Data for review section start
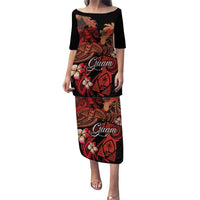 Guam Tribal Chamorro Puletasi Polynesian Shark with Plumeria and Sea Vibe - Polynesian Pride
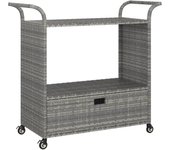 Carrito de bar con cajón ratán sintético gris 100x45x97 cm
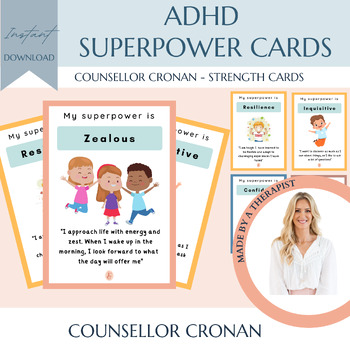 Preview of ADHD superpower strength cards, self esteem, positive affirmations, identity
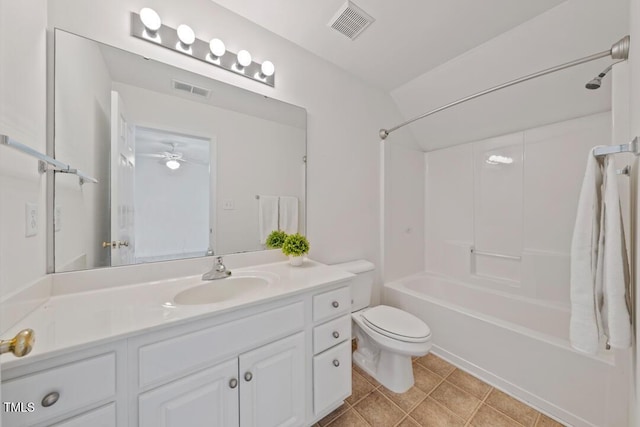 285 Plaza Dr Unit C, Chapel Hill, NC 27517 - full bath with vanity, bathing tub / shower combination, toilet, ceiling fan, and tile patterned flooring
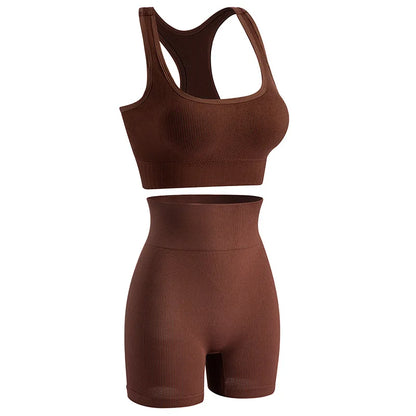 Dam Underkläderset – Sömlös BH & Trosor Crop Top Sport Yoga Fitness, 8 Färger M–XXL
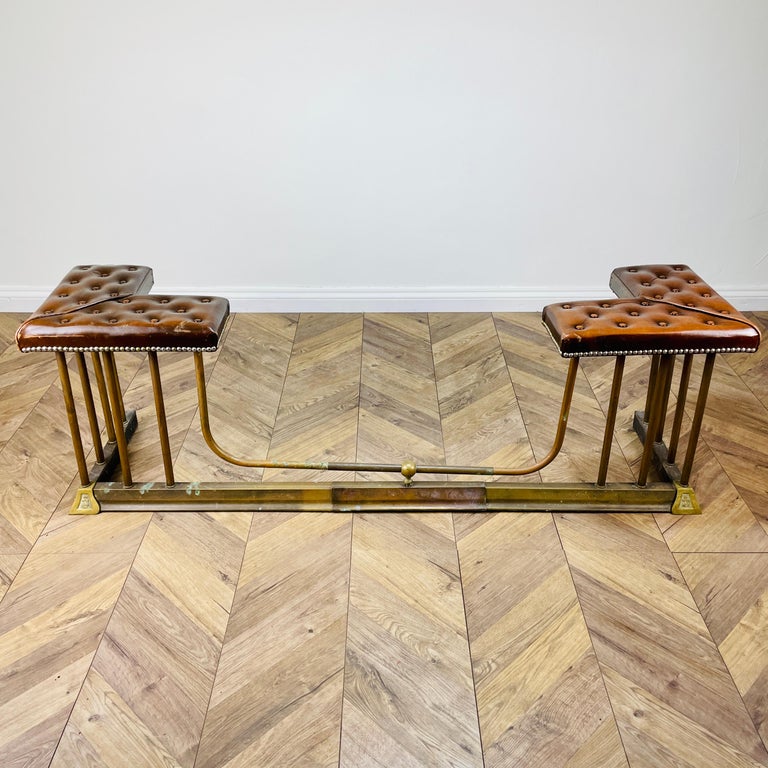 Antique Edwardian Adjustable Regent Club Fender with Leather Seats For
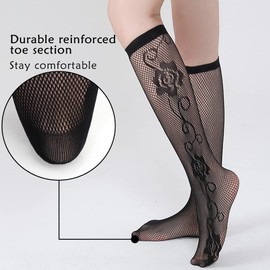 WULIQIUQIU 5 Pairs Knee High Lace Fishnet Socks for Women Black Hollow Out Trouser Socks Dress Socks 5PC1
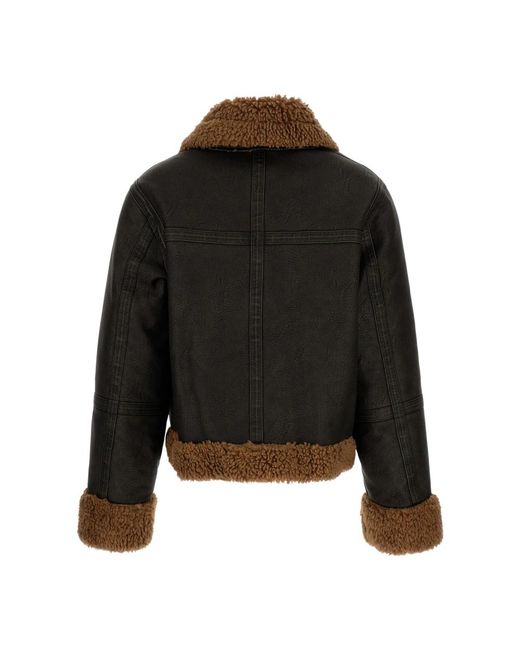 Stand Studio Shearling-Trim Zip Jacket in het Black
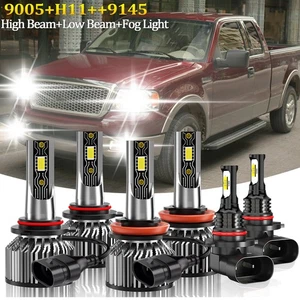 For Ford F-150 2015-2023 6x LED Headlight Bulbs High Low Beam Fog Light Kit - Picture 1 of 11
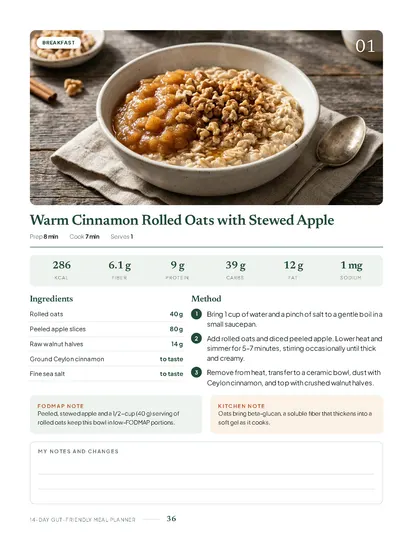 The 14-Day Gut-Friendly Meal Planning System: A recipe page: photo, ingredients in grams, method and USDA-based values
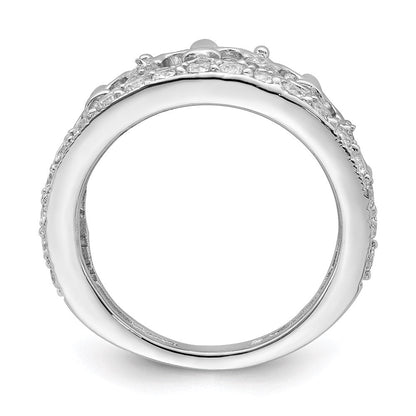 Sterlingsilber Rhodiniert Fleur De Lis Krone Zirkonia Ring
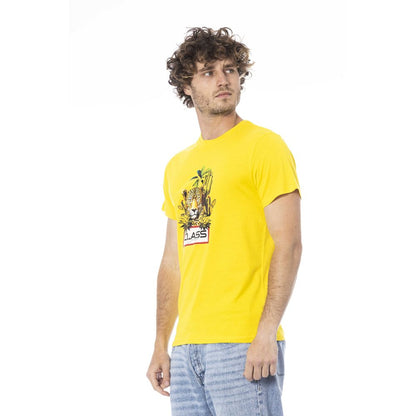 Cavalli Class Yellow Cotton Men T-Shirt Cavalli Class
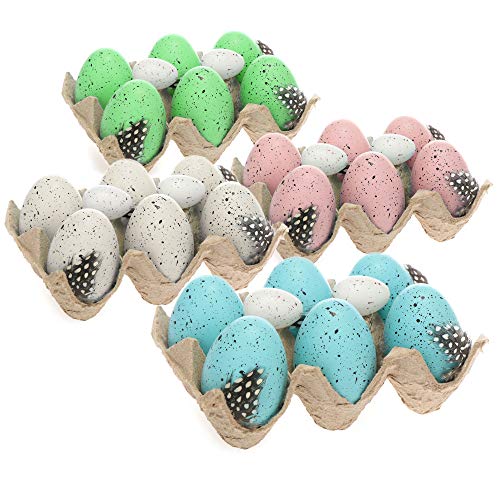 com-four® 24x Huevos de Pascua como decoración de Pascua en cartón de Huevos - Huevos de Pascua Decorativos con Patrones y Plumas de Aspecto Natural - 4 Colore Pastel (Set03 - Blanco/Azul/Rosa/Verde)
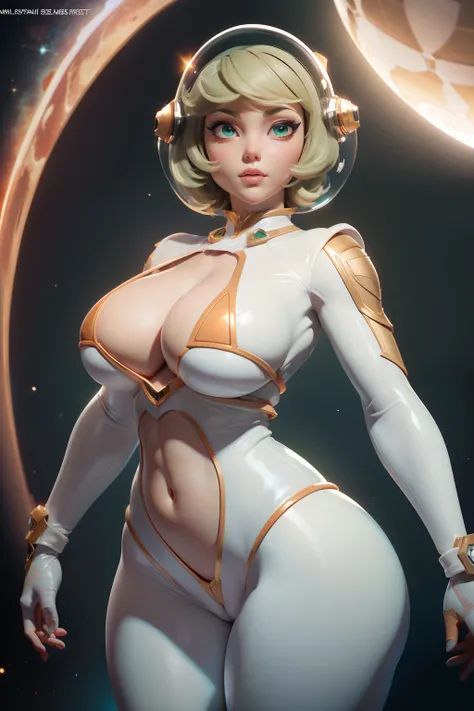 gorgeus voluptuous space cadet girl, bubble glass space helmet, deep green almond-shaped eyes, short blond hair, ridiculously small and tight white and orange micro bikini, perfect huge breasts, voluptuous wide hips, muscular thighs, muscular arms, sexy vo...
Data for review section end
Data for review section start
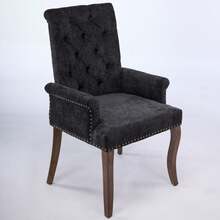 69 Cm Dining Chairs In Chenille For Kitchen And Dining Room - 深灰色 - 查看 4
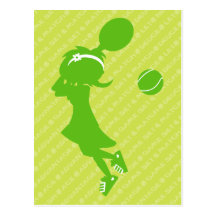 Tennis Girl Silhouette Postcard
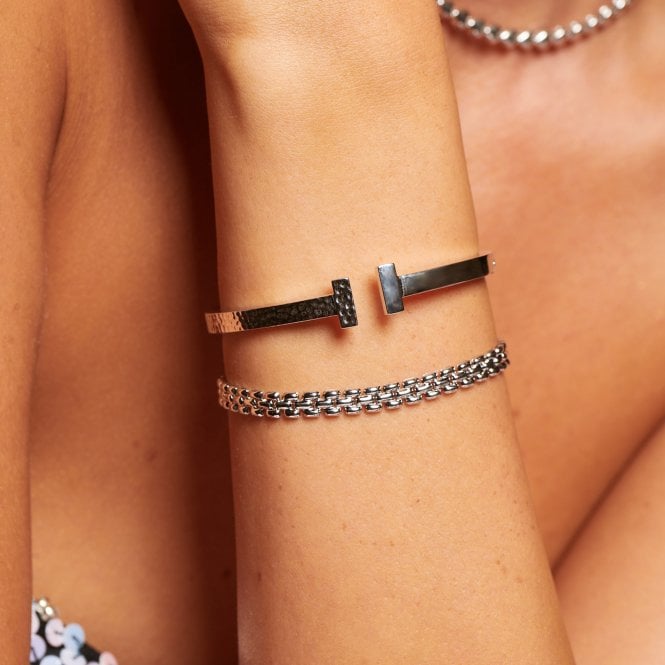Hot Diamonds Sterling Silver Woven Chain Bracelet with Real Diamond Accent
Data for review section end
● **Your instructions**: From the data above, return exactly the lines from the one with "The 14-Day Gut-Friendly" up to and including the one with "com-four® 24x Huevos". Pictures do not go in the copy.

● **Completed task**:
 The 14-Day Gut-Friendly Meal Planning System: A recipe page: photo, ingredients in grams, method and USDA-based values
 Sterlingsilber Rhodiniert Fleur De Lis Krone Zirkonia Ring
 Cavalli Class Yellow Cotton Men T-Shirt Cavalli Class
 com-four® 24x Huevos de Pascua como decoración de Pascua en cartón de Huevos - Huevos de Pascua Decorativos con Patrones y Plumas de Aspecto Natural - 4 Colore Pastel (Set03 - Blanco/Azul/Rosa/Verde)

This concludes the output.